**EXERCISE GOAL**
Leave out the pictures, then return the records word for word.

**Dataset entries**

· · · · ·

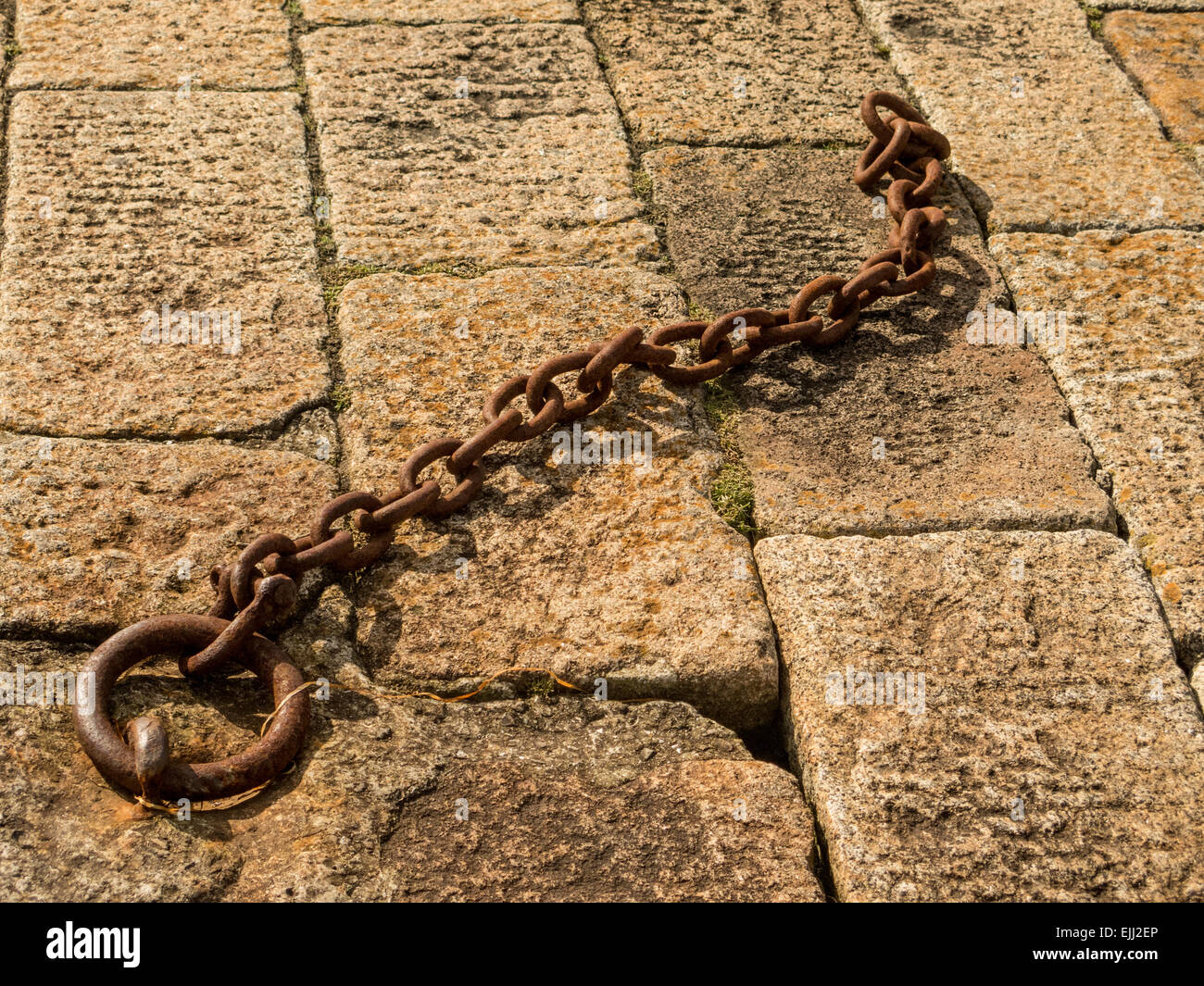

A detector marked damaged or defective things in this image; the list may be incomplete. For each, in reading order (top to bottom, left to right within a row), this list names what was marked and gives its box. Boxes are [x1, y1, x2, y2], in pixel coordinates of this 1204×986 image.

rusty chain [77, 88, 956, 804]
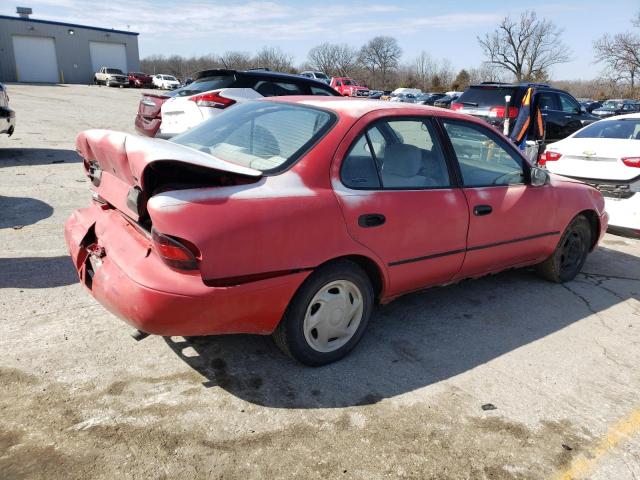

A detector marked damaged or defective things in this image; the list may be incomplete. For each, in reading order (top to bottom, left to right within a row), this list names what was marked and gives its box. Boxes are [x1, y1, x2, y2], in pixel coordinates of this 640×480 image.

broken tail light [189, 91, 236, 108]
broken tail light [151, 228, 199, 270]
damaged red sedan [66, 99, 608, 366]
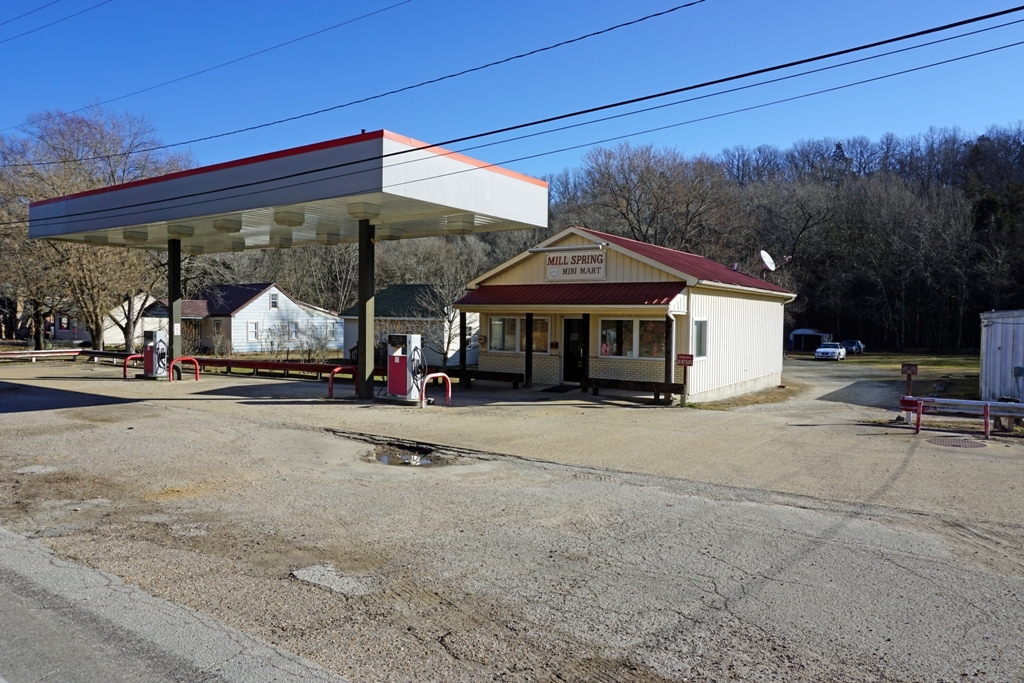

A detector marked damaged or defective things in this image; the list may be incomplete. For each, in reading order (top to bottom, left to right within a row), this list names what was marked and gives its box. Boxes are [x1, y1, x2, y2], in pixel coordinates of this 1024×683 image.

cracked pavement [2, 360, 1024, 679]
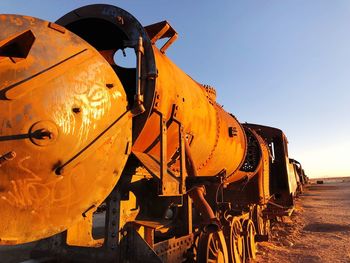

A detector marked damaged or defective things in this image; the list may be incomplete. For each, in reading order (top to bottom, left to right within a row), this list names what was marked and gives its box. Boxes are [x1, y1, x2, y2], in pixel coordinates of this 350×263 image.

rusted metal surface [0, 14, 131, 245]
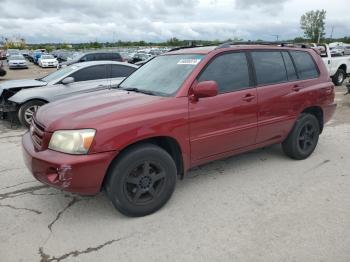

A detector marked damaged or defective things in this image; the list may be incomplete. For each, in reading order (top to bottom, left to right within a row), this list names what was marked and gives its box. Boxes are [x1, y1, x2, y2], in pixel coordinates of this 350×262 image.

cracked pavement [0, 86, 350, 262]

· · · · ·

**EXPECTED ANSWER**
A detector marked damaged or defective things in this image; the list may be incomplete. For each, in reading order (top to bottom, left to right within a row), this list names what was marked and gives its box. Boxes are [x1, y1, x2, y2], in pixel coordinates of this 1204×986 image.

rusty chain [77, 88, 956, 804]

A detector marked damaged or defective things in this image; the list may be incomplete. For each, in reading order (top to bottom, left to right within a row), this list names what was marked and gives its box. Boxes are [x1, y1, x2, y2], in pixel coordinates of this 640×480 image.

broken tail light [189, 91, 236, 108]
broken tail light [151, 228, 199, 270]
damaged red sedan [66, 99, 608, 366]

A detector marked damaged or defective things in this image; the list may be incomplete. For each, in reading order (top to bottom, left to right within a row), this list names what was marked and gives its box. Boxes are [x1, y1, x2, y2], in pixel coordinates of this 1024×683 image.

cracked pavement [2, 360, 1024, 679]

A detector marked damaged or defective things in this image; the list may be incomplete. For each, in reading order (top to bottom, left to right within a row), this list names what was marked and gives its box. Boxes are [x1, y1, x2, y2], in pixel coordinates of this 350×263 image.

rusted metal surface [0, 14, 131, 245]

A detector marked damaged or defective things in this image; the list may be incomplete. For each, in reading order (top to bottom, left to right within a row), this list names what was marked and gives its box. Boxes are [x1, y1, x2, y2], in pixel coordinates of this 350×262 image.

cracked pavement [0, 86, 350, 262]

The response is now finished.